On Thursday, Czech President Milos Zeman said Novichok was produced in the country last year according to some secret services. Russian representatives said Zeman’s words prove that British investigators were wrong when they said Russia was the only source of Novichok.
Dana Drábová, head of the Czech State Office for Nuclear Safety (SUJB) which supervises the observance of the convention on non-proliferation of chemical weapons, said the volume of such a poison arising from micro-synthesis could kill “a fly” at the most.
In addition, it disappears immediately during [the subsequent] destructive analysis, Drabova told CTK, adding that the micro-synthesis serves to “teach” the measuring devices, spectrometers, to recognise the substance.
“This may have happened in the Institute of Military Research. This is nothing illegal. This does not have to be reported [to the SUJB], as the convention does not apply to it,” Drabova said.
She said the respective laboratory has to keep evidence of such a synthesis, which SUJB inspectors may verify within their regular check in the autumn.
The convention banning the development, production, storing and use of chemical weapons and requiring their disposal has been valid since April 1997. It has been signed by 192 countries including the Czech Republic.
Drabova said substances of the Novichok type are listed as the substances under control because the lists were completed still before Novichok substances appeared.
“Since then, there has been no international consensus on extending the lists,” Drabova said, but added the SUJB follows the even tougher Czech law and checks practically anything that may be linked to handling chemical weapons.
Novichok was used to poison former Russian agent Sergei Skripal in Britain earlier this year. Britain and its allies suspect Russia of being behind the attack on Skripal. Most EU member states expelled Russian diplomats over the attack.
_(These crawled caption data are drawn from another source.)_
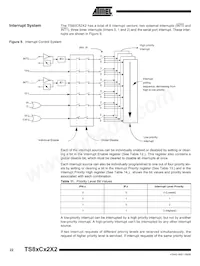 AT80C32X2-SLRUM Datasheet Pagina 22
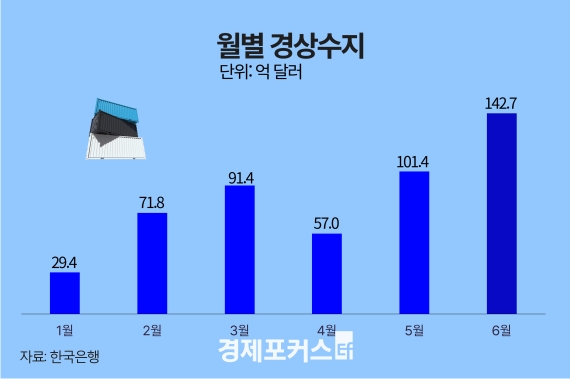 6�� ������ 142��7000�� �޷� ���ڡ����� �ִ� �Ը�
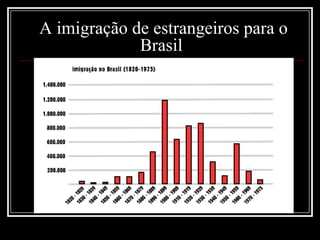 A imigração de estrangeiros para o
Brasil
 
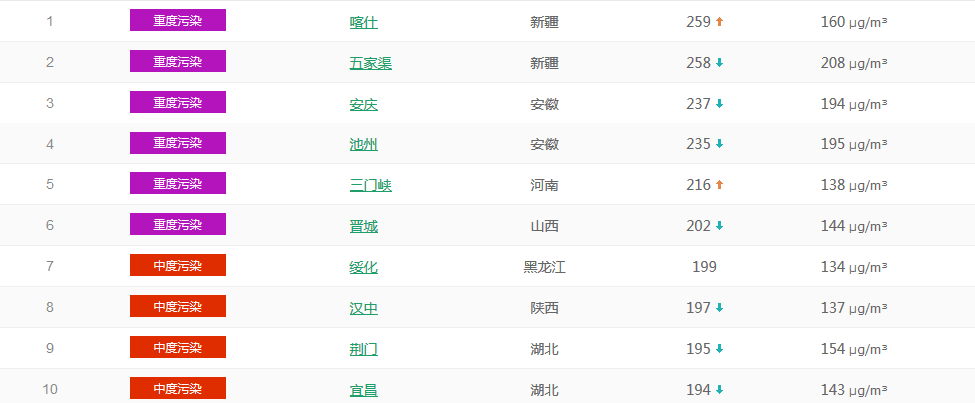  以PM2.5為準國內(nèi)城市空氣質(zhì)量排名TOP50 （1月23日排名）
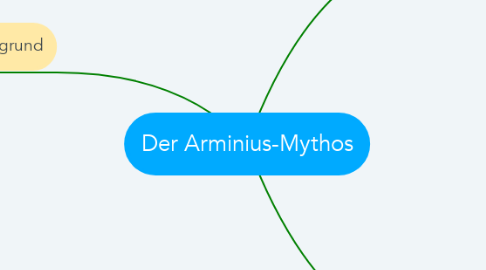 Mind Map: Der Arminius-Mythos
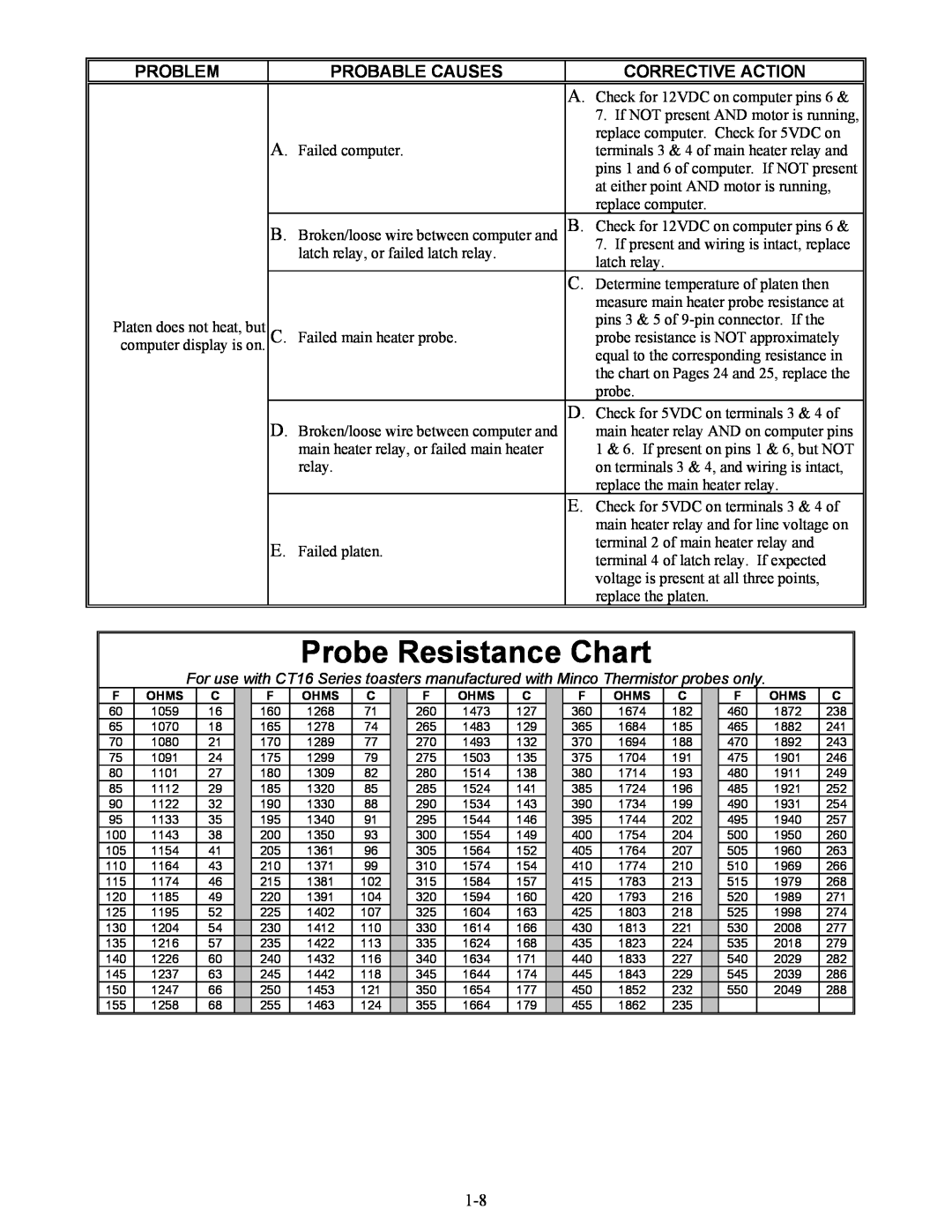 Frymaster CT16 Series manual Probe Resistance Chart, Problem, Probable Causes, Corrective Action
Moscow claimed it had nothing to do with the case and it pointed to other countries as the possible sources of Novichok, including the Czech Republic. Zeman ordered the intelligence services to check the possible Czech production of Novichok, while Prime Minister Andrej Babis said the Russian claim was a blatant lie. Other cabinet members dismissed the claim and considered it a manoeuvre to distract attention.
The Organisation for the Prohibition of Chemical Weapons (OPCW), which deals with the case, said 50 to 100 grammes seemed to be used to poison Skripal.
The Czech Defence Ministry said up to several microgrammes of Novichok were produced in the country.
It said the substances that the media call Novichoks, including the A230 agent, are potentially poisonous chemicals and their identification and defence against them is part of the training of the Czech military chemical experts. Like other substances used in chemical warfare, their chemical properties are tested in connection with their possible detection, protection against them and the security of Czech citizens, the ministry said.
These substances are synthesised under a strict safety regime. This micro-synthesis is not considered production according to the international agreement, the ministry said.